WHAT YOU HAVE TO DO >>
Lines from the beginning of the data below through the one containing "Guide Tronçonneuse Stihl" are to be printed exactly as they appear.

:: MATERIAL TO PROCESS

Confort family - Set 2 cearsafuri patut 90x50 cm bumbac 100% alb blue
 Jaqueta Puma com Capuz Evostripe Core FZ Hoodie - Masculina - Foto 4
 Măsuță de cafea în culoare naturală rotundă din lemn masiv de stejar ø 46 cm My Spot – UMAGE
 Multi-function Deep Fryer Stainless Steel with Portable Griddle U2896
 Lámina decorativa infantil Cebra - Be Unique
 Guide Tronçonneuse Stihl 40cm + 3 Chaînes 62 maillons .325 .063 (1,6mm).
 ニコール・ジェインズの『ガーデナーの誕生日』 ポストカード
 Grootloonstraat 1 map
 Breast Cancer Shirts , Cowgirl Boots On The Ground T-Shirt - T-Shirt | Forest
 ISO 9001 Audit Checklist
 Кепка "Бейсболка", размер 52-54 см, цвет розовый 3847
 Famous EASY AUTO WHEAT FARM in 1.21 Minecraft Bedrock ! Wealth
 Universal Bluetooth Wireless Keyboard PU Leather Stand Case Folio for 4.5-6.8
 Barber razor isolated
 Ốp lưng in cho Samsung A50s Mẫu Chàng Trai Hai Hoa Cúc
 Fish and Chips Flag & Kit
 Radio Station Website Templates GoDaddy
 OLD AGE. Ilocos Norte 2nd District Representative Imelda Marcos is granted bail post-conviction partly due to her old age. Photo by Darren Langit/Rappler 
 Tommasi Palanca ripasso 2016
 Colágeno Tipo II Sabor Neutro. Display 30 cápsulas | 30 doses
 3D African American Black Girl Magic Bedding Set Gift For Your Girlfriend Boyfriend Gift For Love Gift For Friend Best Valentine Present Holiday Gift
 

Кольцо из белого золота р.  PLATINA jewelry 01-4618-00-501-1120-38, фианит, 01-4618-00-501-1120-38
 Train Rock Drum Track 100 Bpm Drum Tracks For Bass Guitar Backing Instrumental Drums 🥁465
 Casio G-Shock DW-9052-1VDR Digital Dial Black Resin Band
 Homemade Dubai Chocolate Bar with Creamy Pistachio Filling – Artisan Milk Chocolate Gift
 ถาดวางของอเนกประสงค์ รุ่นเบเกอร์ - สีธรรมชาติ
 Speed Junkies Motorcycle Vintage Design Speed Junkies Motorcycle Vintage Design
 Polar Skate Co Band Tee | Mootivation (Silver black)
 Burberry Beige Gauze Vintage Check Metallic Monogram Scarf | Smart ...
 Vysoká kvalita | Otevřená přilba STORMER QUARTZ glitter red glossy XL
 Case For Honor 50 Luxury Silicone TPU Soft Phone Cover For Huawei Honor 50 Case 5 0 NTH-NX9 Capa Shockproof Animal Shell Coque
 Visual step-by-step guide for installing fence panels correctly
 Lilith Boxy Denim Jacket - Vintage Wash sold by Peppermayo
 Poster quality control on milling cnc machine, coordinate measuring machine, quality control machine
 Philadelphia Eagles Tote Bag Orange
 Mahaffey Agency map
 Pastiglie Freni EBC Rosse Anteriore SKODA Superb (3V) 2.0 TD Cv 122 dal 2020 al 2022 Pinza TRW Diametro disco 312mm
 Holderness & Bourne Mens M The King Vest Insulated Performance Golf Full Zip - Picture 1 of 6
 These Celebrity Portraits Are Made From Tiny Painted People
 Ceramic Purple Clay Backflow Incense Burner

::::

RESPONSE TO THE TASK >>
Confort family - Set 2 cearsafuri patut 90x50 cm bumbac 100% alb blue
 Jaqueta Puma com Capuz Evostripe Core FZ Hoodie - Masculina - Foto 4
 Măsuță de cafea în culoare naturală rotundă din lemn masiv de stejar ø 46 cm My Spot – UMAGE
 Multi-function Deep Fryer Stainless Steel with Portable Griddle U2896
 Lámina decorativa infantil Cebra - Be Unique
 Guide Tronçonneuse Stihl 40cm + 3 Chaînes 62 maillons .325 .063 (1,6mm).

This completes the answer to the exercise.